Please visit the 2020 Global Health Trainee Grant Application webpage for more information and to begin your application today!
Providing Midwifery care across Uganda
In 2019, the Centre for International Child Health supported ten talented clinical trainees who pursued child-focused global health electives in South Africa, Laos, and Uganda. This support is a key part of CICH’s vision of partnering to advance children’s health globally. Juliette Mudra, Mary Kenwood, and Nushin Bollinger, third year midwifery students at BC Children’s & Women’s Hospital/UBC, each embarked on a 6 week elective at Regional Referral Hospitals across Uganda. This provided experience across a variety of care settings:
“During my time in Uganda, I was fortunate enough to work in three hospitals; I was placed at Lira Regional Referral Hospital for 2 weeks, Mbale Regional Referral Hospital for 3 weeks, and Kawempe Referral Hospital (Kampala) for a week. While Mbale and Lira are rural hospitals with 20-30 births per 24 hours, Kawempe’s maternity unit is one of the busiest in the country; on average, 100 births per day take place on this maternity ward.” – Juliette Mudra
The learning objective of their elective was to gain experience in midwifery care in low-resource settings, focusing on understanding challenges and inequities in maternal and child health. Prior to the trip, they participated in a two week pre-departure training class. Despite this, Mary was still surprised by her experiences in Uganda: “We saw numerous cases of delay to provide the needed care once women reached our referral hospital. The hospital blood bank rarely had blood available. The pharmacy was closed overnight and on weekends, which prevented much needed medication from being administered in a timely manner. Power would be lost for the operating room, which would prevent or delay emergency cesarean sections. The autoclave broke for many days putting the hospital short on sterile equipment, and there was no running water in the labour suite for the entire time we were there.”

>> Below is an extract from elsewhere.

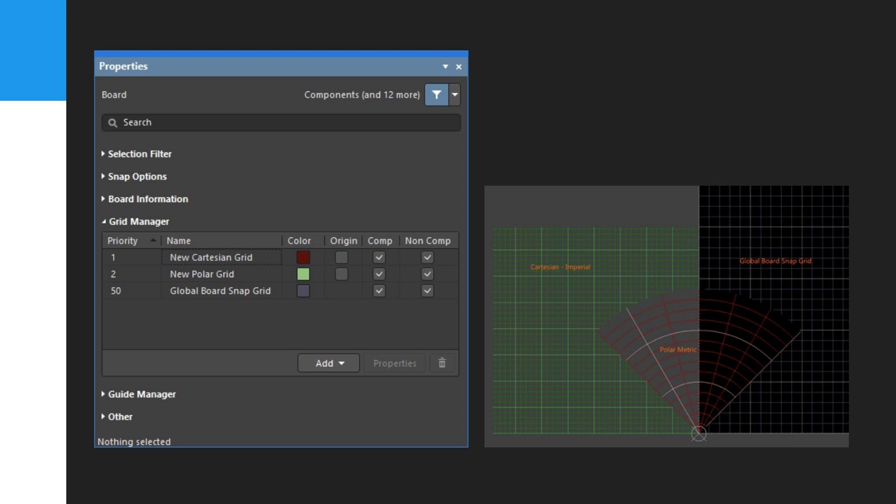Use the buttons in the panel to add, edit, or delete a grid. Only the default grid is used in this tutorial.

A key component of the electives was the opportunity for reciprocal learning. Nushin described her experience at Masaka Regional Referral Hospital: “During this placement I also had the opportunity to help out with a teaching workshop [with] local Ugandan midwives. We taught these midwives skills such as management of post-partum haemorrhages, newborn resuscitation and management of shoulder dystocia, [using] theoretical presentations accompanied by hands on skill stations. It was wonderful to answer many of the questions that the local midwives had, and additionally was even more wonderful to have many of my own questions answered from these experienced midwives.”

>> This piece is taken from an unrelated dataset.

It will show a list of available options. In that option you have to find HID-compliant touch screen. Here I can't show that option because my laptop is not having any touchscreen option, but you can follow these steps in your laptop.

While in Uganda, each student developed a deep appreciation for the communities they served, and their optimism in the face of these challenges. “Uganda is not without its beautiful moments, despite the sometimes apocalyptic conditions on the wards…The women in Uganda are so powerful and resilient, navigating an, at times, perilous health care system with so much grace, strength, and gratitude…These women have shown me that even in the most dire conditions, there is always something you can find to be grateful for, and I have much in life to be grateful about.” – Juliette Mudra
“The memories that I will hold dearest are the small moments with those women: a hand-hold that crosses language barriers, a sweaty embrace with an HIV positive patient who was terrified and in pain to show her she is not alone or judged, and of quietly sitting beside a teenaged mother just after she delivered a stillborn to hold space for her grief in a world where loss is all too common.” – Mary Kenwood
Juliette, Mary, and Nushin each benefited from their experience in a unique way. However they all look forward to using the skills they gained in their future careers as midwifes in BC and in further global maternal-infant health initiatives.